:: TASK ITEM ::
Among the lines below, the one containing "Апартаменты Avida Towers" opens the range and the one containing "Fat Bob's Garage, OMIX-ADA" closes it. Print that range exactly, without the pictures.

:: MATERIAL PROVIDED ::
((

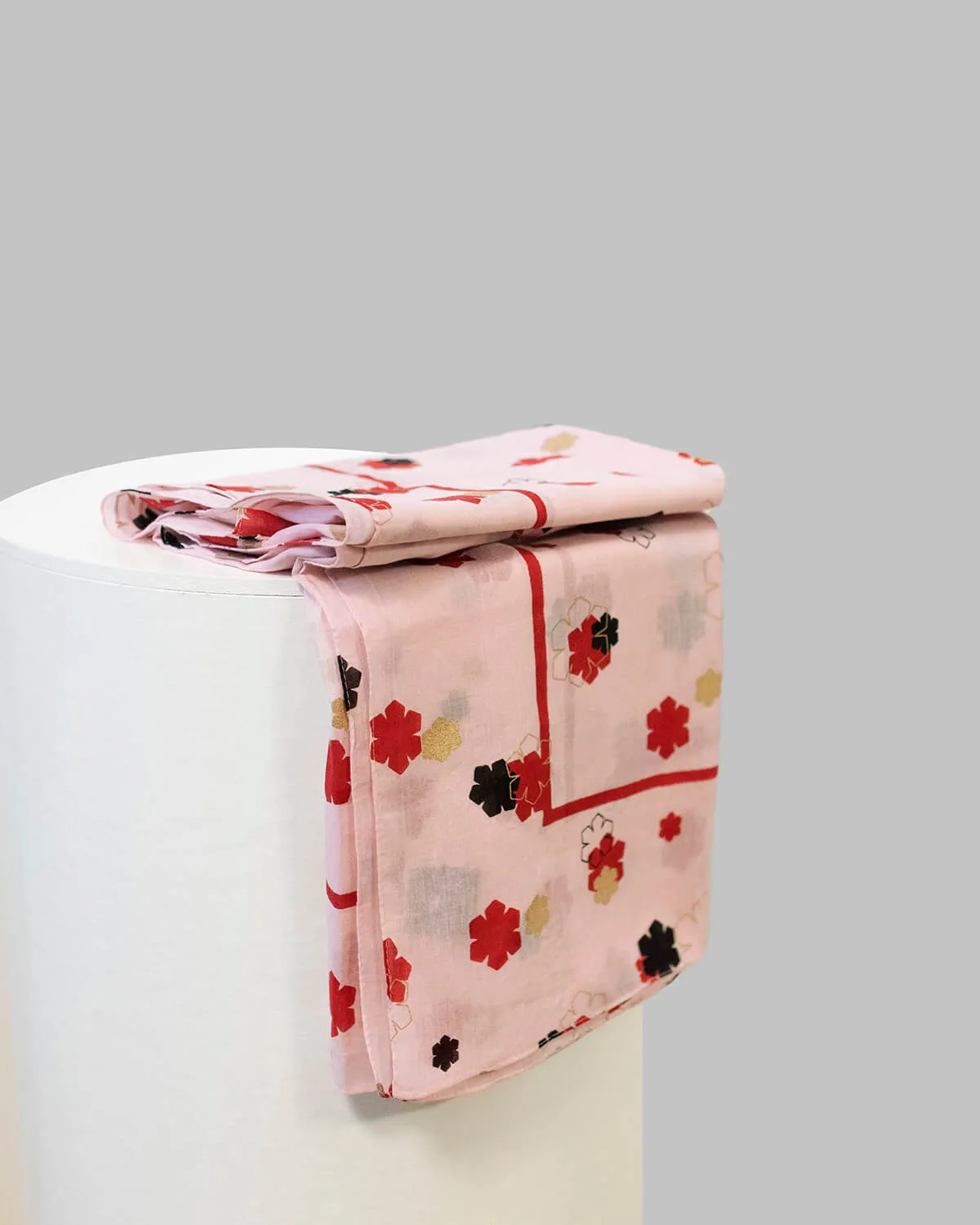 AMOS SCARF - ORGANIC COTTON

))
((

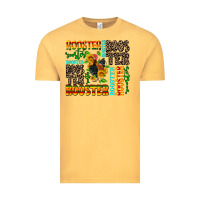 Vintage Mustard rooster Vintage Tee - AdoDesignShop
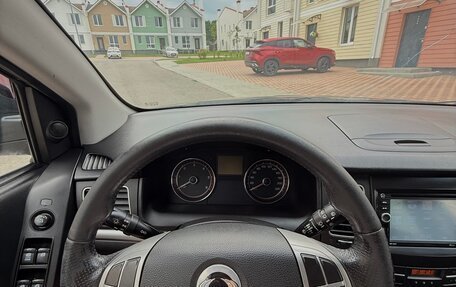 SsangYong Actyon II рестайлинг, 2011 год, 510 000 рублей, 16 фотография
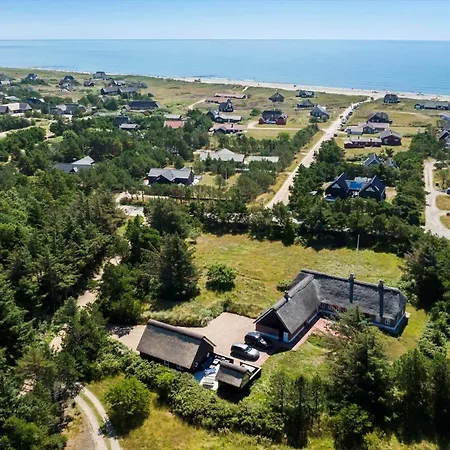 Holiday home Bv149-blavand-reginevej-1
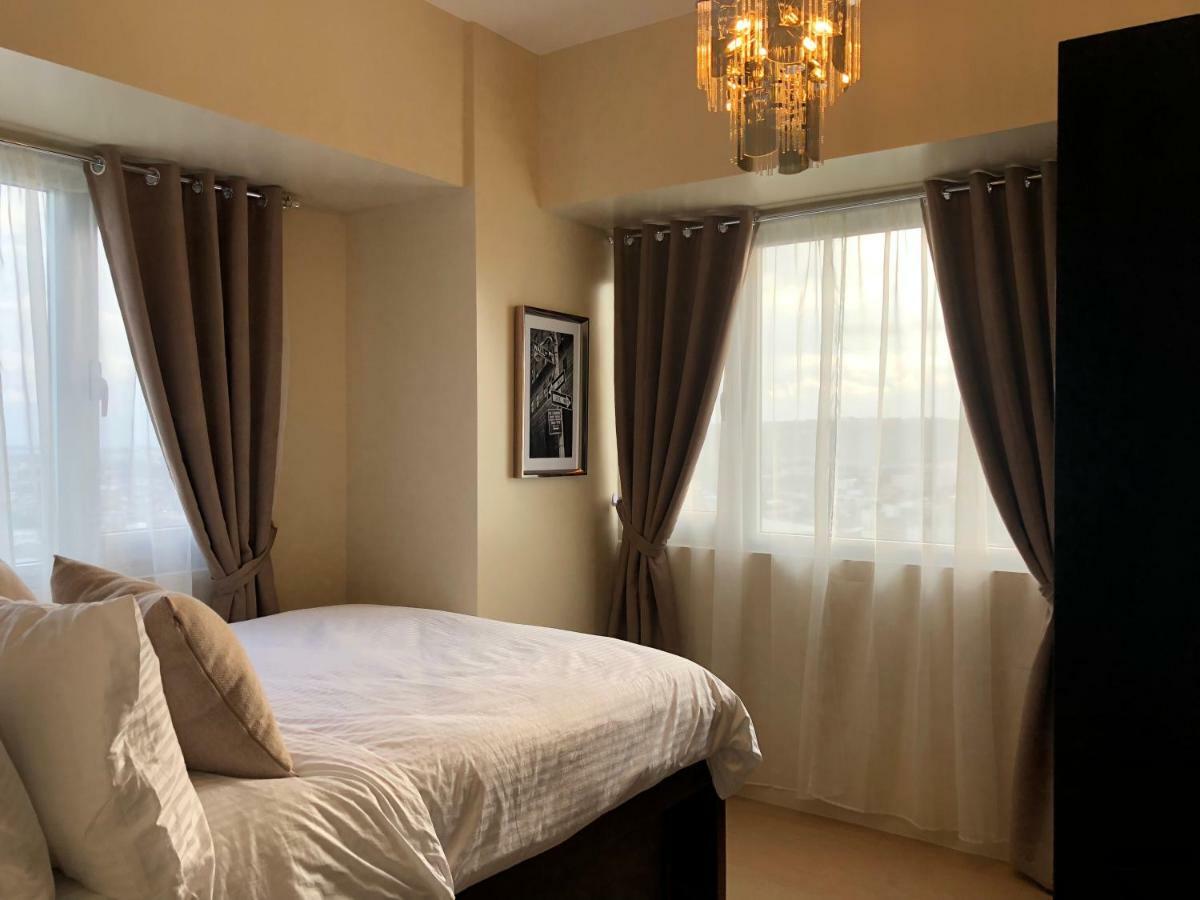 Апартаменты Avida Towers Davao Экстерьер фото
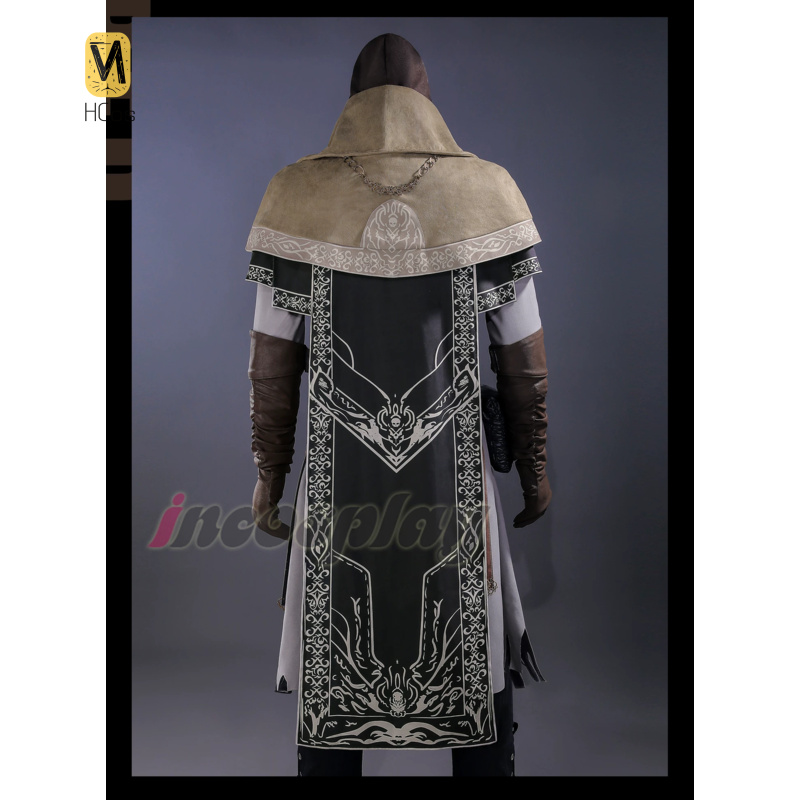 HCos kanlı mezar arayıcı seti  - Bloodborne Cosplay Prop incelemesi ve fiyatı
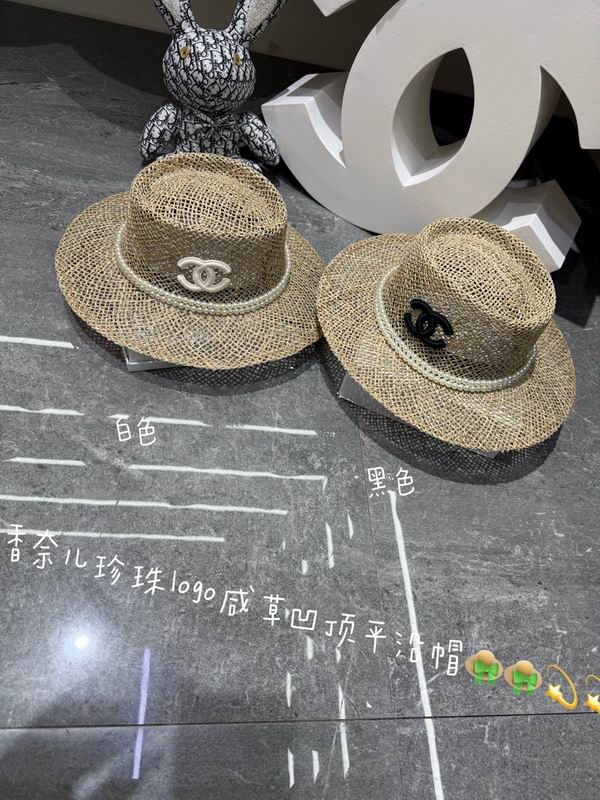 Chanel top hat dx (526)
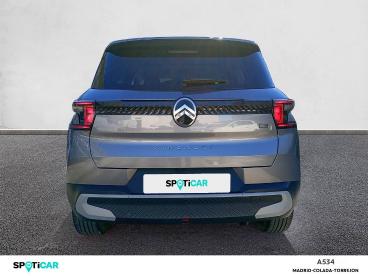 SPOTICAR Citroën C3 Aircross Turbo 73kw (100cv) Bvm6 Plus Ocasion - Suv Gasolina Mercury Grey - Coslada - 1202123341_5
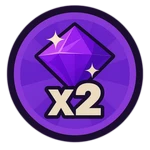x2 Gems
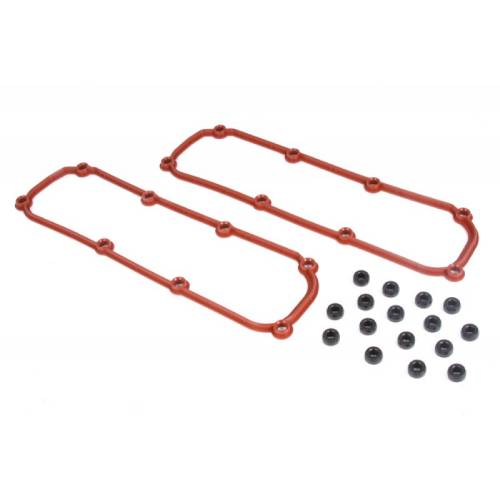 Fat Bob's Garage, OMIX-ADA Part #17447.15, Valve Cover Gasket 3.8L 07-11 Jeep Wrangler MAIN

))

:: RESPONSE TO THE EXERCISE ::
 Апартаменты Avida Towers Davao Экстерьер фото
 HCos kanlı mezar arayıcı seti  - Bloodborne Cosplay Prop incelemesi ve fiyatı
 Chanel top hat dx (526)
 SPOTICAR Citroën C3 Aircross Turbo 73kw (100cv) Bvm6 Plus Ocasion - Suv Gasolina Mercury Grey - Coslada - 1202123341_5
x2 Gems
 Fat Bob's Garage, OMIX-ADA Part #17447.15, Valve Cover Gasket 3.8L 07-11 Jeep Wrangler MAIN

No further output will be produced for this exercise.